Religious Satire Wins Big at The Tony Awards


Satirical musical "The Book of Mormon" and spectacular production "War Horse" were among big winners at an annual Tony Awards ceremony celebrating the best of American theater.

"The Book of Mormon", a satire about two young Mormon missionaries sent to a remote village in Uganda, scooped nine awards, having been nominated in 14 categories.

They included best musical, best director for a musical for its creators Casey Nicholaw and Trey Parker, best screenplay and best original music.

"War Horse", based on Michael Morpurgo's children book, took five awards, including best play and best director for a drama, which went to Marianne Elliott and Tom Morris.

First staged in Britain, the spectacular play uses life-size puppet horses to tell the tale of a horse forced to fight on two fronts during World War I.
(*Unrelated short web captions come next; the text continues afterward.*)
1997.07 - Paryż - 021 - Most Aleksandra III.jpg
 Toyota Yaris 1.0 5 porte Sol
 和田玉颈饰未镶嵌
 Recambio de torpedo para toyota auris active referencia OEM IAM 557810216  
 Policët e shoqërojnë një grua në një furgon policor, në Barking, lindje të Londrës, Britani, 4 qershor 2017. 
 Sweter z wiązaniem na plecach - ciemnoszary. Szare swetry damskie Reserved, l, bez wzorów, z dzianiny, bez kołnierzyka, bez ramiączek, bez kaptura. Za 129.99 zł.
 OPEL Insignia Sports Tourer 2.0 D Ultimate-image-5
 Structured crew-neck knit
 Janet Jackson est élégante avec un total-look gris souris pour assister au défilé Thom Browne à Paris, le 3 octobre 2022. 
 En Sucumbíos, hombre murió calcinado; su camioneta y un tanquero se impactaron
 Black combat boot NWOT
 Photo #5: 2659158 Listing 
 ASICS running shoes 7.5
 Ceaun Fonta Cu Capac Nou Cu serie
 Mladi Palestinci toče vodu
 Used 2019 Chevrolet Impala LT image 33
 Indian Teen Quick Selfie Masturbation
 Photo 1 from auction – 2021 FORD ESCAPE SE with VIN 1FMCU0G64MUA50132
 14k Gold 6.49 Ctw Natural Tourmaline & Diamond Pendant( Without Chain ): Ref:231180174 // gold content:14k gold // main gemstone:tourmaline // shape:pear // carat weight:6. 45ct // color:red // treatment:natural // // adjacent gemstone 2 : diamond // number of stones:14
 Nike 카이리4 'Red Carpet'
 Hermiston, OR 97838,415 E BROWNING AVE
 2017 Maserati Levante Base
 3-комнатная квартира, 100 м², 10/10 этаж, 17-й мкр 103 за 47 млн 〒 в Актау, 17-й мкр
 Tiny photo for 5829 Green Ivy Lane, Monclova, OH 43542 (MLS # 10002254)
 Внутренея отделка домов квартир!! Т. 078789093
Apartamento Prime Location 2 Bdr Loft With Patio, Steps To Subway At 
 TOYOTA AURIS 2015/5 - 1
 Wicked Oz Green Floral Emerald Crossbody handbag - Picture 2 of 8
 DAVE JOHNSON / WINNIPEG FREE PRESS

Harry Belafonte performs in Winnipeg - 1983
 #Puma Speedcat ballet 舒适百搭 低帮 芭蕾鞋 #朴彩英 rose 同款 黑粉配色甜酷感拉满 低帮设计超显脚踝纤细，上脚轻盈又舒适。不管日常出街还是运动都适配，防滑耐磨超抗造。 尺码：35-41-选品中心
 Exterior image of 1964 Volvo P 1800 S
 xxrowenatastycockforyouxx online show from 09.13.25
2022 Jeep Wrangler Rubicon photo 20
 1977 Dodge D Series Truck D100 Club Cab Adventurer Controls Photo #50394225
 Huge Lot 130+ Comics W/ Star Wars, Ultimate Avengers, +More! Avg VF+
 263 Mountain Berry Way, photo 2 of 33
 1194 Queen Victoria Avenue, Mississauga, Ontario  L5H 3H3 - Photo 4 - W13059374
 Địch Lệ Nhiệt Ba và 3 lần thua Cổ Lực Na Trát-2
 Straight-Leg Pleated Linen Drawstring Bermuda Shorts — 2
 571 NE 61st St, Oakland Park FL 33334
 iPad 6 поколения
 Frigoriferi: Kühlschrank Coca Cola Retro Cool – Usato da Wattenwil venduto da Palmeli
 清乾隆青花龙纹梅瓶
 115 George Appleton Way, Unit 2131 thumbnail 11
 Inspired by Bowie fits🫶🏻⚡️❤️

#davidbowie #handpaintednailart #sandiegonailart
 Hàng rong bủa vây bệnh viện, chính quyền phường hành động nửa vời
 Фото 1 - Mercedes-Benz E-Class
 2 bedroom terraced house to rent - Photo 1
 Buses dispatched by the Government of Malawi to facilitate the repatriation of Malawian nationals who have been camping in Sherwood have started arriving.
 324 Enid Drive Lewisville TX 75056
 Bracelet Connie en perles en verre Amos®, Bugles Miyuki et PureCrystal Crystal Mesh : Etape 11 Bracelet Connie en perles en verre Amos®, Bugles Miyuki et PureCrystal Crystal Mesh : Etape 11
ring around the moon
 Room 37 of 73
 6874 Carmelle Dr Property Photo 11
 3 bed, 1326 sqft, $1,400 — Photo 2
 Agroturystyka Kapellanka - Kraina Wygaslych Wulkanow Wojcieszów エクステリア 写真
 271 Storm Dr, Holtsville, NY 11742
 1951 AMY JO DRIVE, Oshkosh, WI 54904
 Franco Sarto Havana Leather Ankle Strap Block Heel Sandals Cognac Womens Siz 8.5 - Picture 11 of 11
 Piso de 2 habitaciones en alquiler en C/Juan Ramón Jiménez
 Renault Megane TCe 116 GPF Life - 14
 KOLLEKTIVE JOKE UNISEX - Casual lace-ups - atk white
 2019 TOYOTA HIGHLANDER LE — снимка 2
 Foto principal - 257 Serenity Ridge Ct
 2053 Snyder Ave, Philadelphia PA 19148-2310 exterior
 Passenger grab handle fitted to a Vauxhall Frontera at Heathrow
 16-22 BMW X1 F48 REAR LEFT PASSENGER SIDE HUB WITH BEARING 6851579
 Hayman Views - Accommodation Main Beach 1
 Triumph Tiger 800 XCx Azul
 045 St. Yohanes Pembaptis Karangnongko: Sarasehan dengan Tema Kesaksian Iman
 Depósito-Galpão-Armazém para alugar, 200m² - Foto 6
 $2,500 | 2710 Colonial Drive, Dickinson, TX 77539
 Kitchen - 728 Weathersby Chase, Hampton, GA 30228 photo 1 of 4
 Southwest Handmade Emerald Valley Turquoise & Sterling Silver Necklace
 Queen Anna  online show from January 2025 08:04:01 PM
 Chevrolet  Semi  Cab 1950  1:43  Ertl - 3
Other winners included "The Normal Heart," a play about the fight against the AIDS epidemic, which picked up three awards; and a revival of the musical "Anything Goes", first staged in 1934, which also took three awards.

The musical tell the story of two unlikely pairs falling in love aboard a ship, with a crew of singing sailors providing a colorful backdrop.

Norbert Leo Butz won a Tony as best actor in a leading role of a musical: he played the lawman in "Catch Me If You Can," the musical based on the well-known Steven Spielberg movie.

South African playwright Athol Fugard, a leading anti-apartheid campaigner in his country, received a special Tony award for lifetime achievement in the theatre.

"The only way I can make sense of my life is with what I have written on paper," Fugard told reporters. "I consider myself very lucky at this age to continue to have the opportunity to do that."

The Tony Awards, which are given for best Broadway achievement, are considered the theater equivalent of the Oscars.

This year's ceremony was moved from Radio City Music Hall to the smaller Beacon Theatre, which seats only 3,000 people and where Martin Scorsese filmed "Shine a Light," his 2008 documentary about a concert by The Rolling Stones.

The surprises included the lack of any recognition for famed actors Al Pacino and Vanessa Redgrave, who had been nominated for best actor and best actress but left the ceremony empty-handed.

These awards went to Mark Rylance, who starred in "Jerusalem", and Frances McDormand, the lead actress in "Good people."

Attending celebrities included Bono, the lead singer of the Irish band U2, The Edge and actress Brooke Shields.

The Tony Awards were instituted in 1947 by a committee of American Theatre Wing, a New York-based organization dedicated to supporting excellence and education in theatre, and named after Antoinette "Tony" Perry, an actress, director and producer who died in 1946.

The record for the most Tony Awards is still held by "The Producers," which holds 12 coveted prizes.